• Work task: In your copy of the data below, reproduce every entry exactly and omit the pictures.

*** Data for review ***

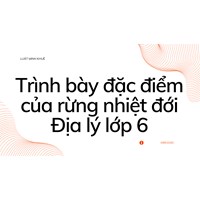 Trình bày đặc điểm của rừng nhiệt đới Địa lý lớp 6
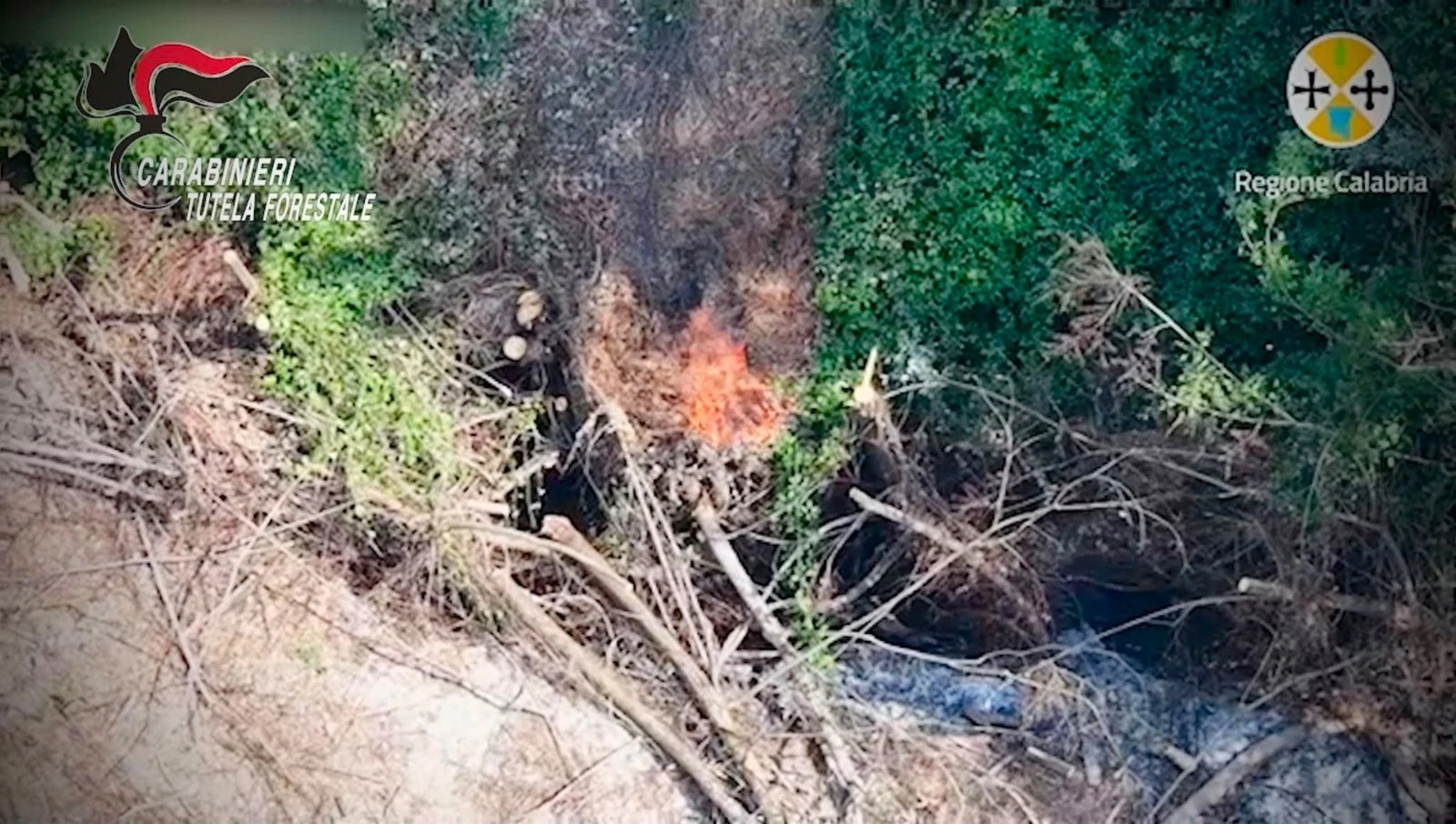 Appicca il fuoco indisturbato ma viene ripreso da un drone della Regione: un arresto nel Vibonese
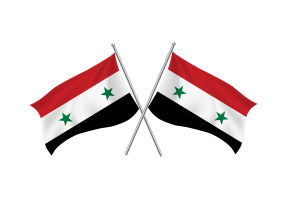 叙利亚挥舞友谊旗帜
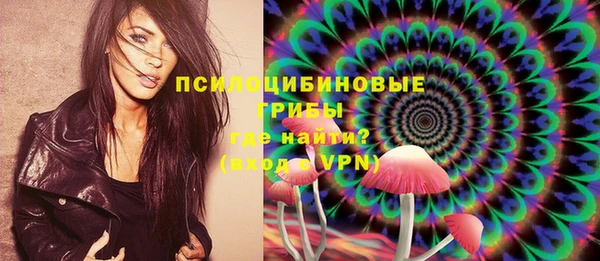соль ск Алзамай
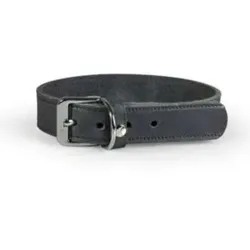 Das Lederband Hundehalsband Weinheim, silber, 57 cm x 20 mm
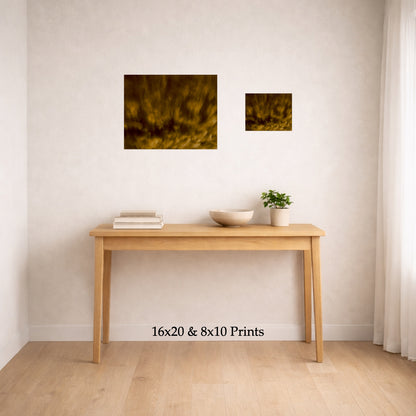 Panning For Gold at 16x20 and 8x10 on a wall above a console table, shown to scale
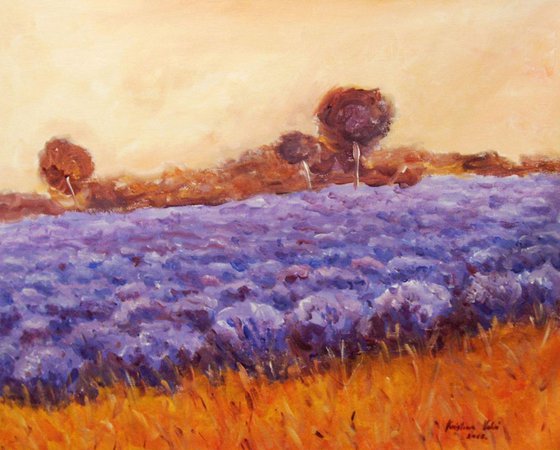 Lavender field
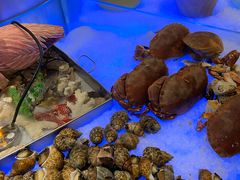 -百合酒店-香榭里自助餐厅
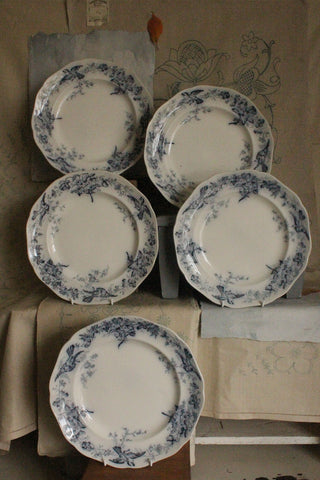 Collection of Antique Blues & Whites - eight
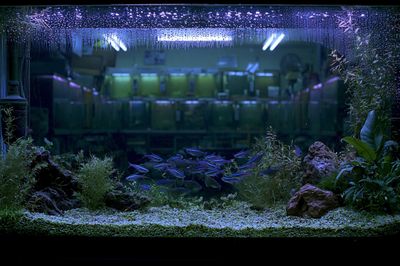 Aquarium Nightscape Photography Poster. poster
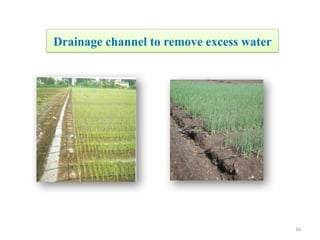 16
Drainage channel to remove excess water
 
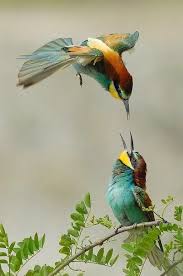 Birds Of Middle Tennessee Pin On Fat Birds And Other Feathers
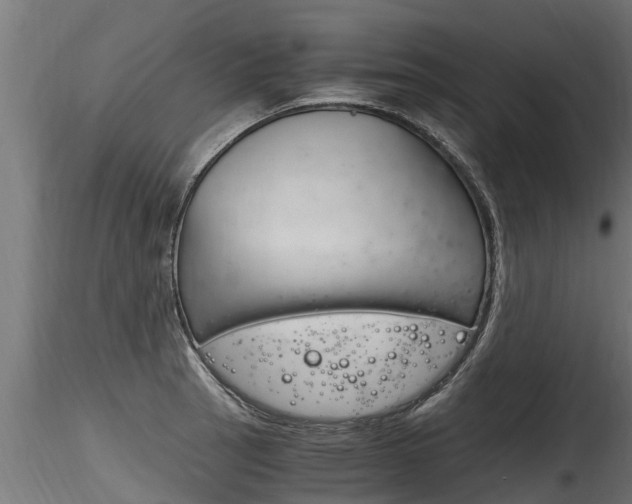 X0000116261137200911300946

*** End of Data for review ***

• Expected answer:
 Trình bày đặc điểm của rừng nhiệt đới Địa lý lớp 6
 Appicca il fuoco indisturbato ma viene ripreso da un drone della Regione: un arresto nel Vibonese
 叙利亚挥舞友谊旗帜
соль ск Алзамай
 Das Lederband Hundehalsband Weinheim, silber, 57 cm x 20 mm
 Panning For Gold at 16x20 and 8x10 on a wall above a console table, shown to scale
 Lavender field
 -百合酒店-香榭里自助餐厅
 Collection of Antique Blues & Whites - eight
 Aquarium Nightscape Photography Poster. poster
 16
Drainage channel to remove excess water
 
 Birds Of Middle Tennessee Pin On Fat Birds And Other Feathers
 X0000116261137200911300946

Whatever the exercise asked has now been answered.